LAES Students Travel to Seattle as Finalists in Boeing Innovation Challenge
Boeing Innovation Challenge participants
In January, a group of students flew to Seattle as finalists in the Boeing Innovation Challenge. Their mission? To bring innovative design ideas to commercial flights.
Boeing, the world’s largest plane manufacturing company, invited Liberal Arts and Engineering Studies (LAES) students Zach Cushing-Murray and Emma George and architecture student Chloe Regan to Seattle to pitch their project proposals to the Boeing team. While their design details are confidential, the students were able to share highlights from their experience designing and traveling to the Boeing headquarters.
The project proposal started as an assignment in LAES 302: Advanced Project-Based Learning in Liberal Arts and Engineering Studies. During the first week of class, students worked in groups to make designs for the competition.
“This project really highlights that special view and skill set that LAES brings to engineering problems,” said LAES co-director and computer science professor Michael Haungs. “It was a nationwide competition with tons of universities that even had more submissions than we did. It was really great to see that the Cal Poly team’s ideas made it to the next stage.”
The Innovation Challenge had three categories: Simplifying Commercial Airplanes, Creating Efficient, Adaptable, and Flexible Airplane Cabins, and Cross-Industry Aircraft Innovation. In Seattle, the students had the opportunity to work with Boeing subject matter experts to further develop and refine their design ideas. Working with Boeing professionals to enhance their proposals was one of Cushing-Murray’s most valuable takeaways from the experience.

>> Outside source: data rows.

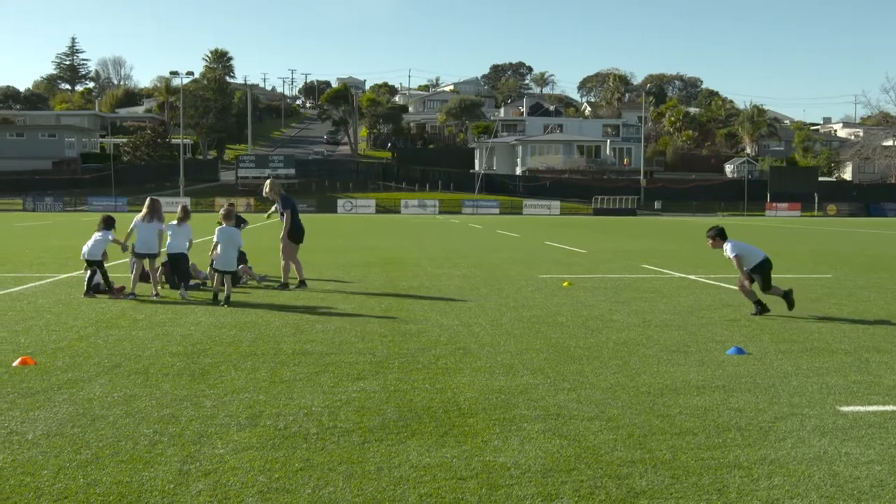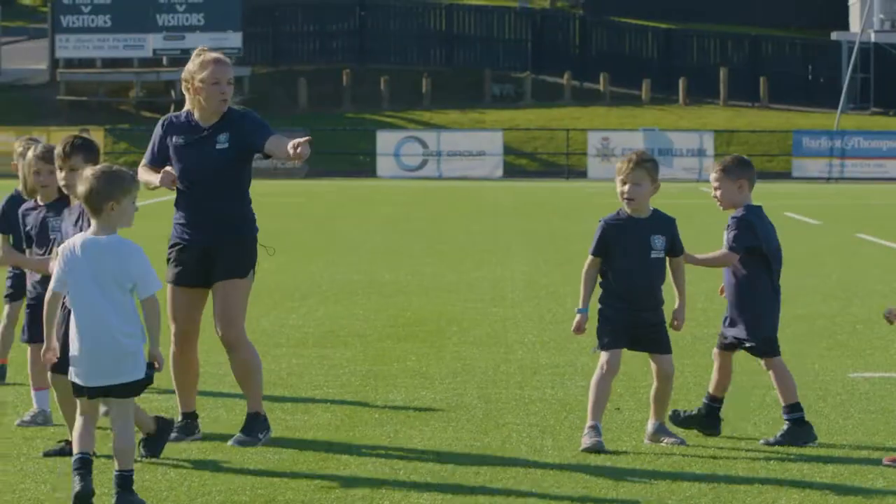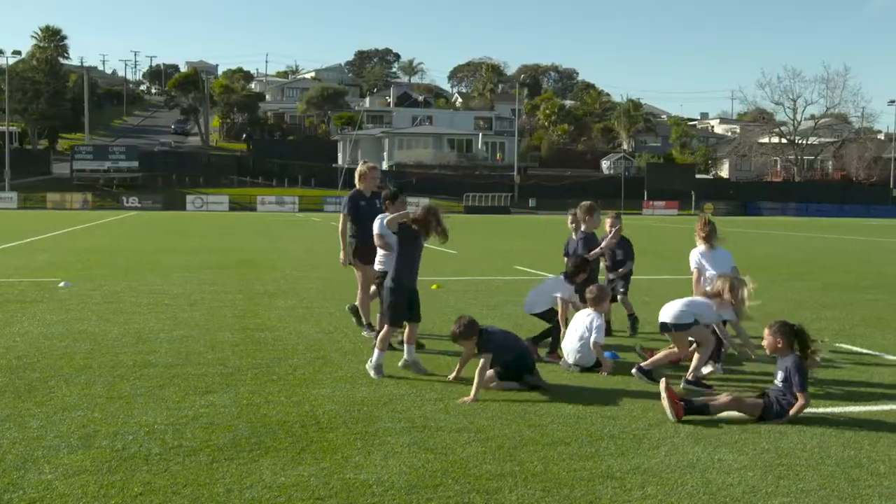Four Corners Shapes has players working together to create shapes with their bodies. Split the players into groups of at least four and put four different coloured cones in four corners.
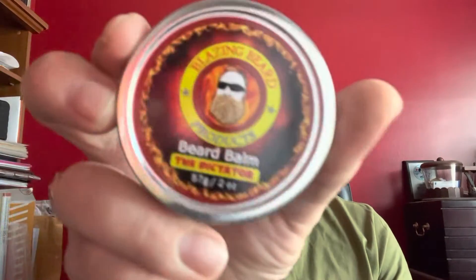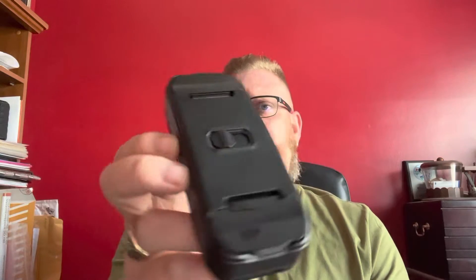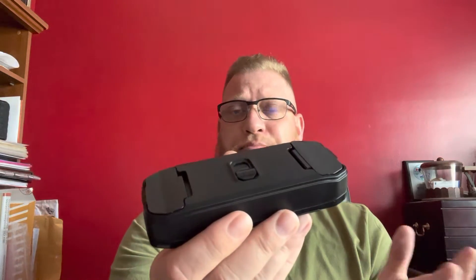What's going on everybody, Sam here back with another beard product review for Blazing Beard Products. The owner's name is Andrew and the company is based out of Fort Worth, Texas. I have reviewed his company and products before, more specifically his beard tool — the 7-in-1 brush, mirror, comb — carry your oils and your balms, everything you need right here all in one package you can take with you on your travels.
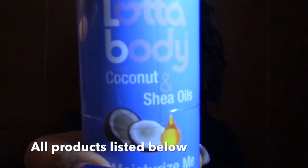That right there is the Lotta Body Curl and Style Milk and I love this product y'all. I think you can only purchase this product online at certain online beauty stores, and that is about it.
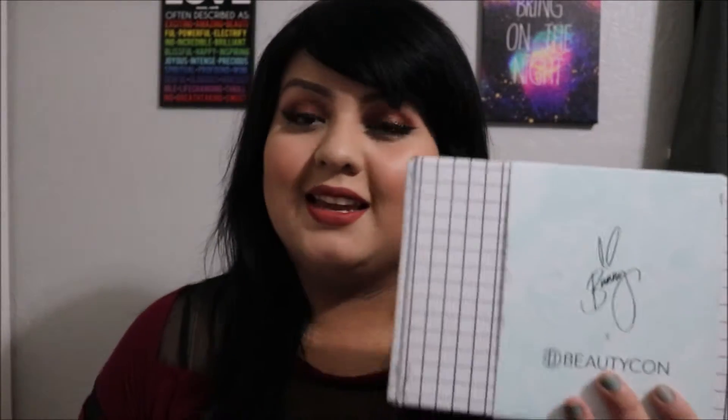The total of this box came out to $30.99, and that was including the discount code and everything and shipping. So without further ado, let's get into this box and see what's in it.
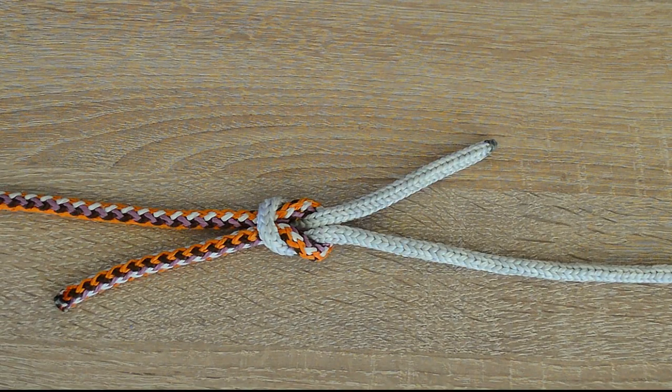Hello everyone, Captain Oleg Wolski here. In this video I will show you how to tie a thief knot. The thief knot resembles a square knot, except that the free ends are on opposite sides. Another insecure knot. Let's go!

“They’re all incredibly knowledgeable and passionate about what they work on,” Cushing-Murray said.
The team also traveled out of the city to Everett, where they were given a tour of Boeing’s Everett factory, the world’s largest building by volume.
Cushing-Murray said his LAES major introduced him to this opportunity and helped him with his pitching skills. The LAES curriculum combines engineering studies with arts and humanities to prepare students for interdisciplinary projects like the Boeing student innovation project.
“My liberal arts concentration is philosophy, and I took a debate class that really helped me with presentation skills and making pitches during our project,” Cushing-Murray said.
Haungs said he plans to keep fostering a partnership between Boeing and the Liberal Arts and Engineering Studies Department.
“Having that external customer was awesome,” Haungs said. “Hopefully we can work with them more in the future.”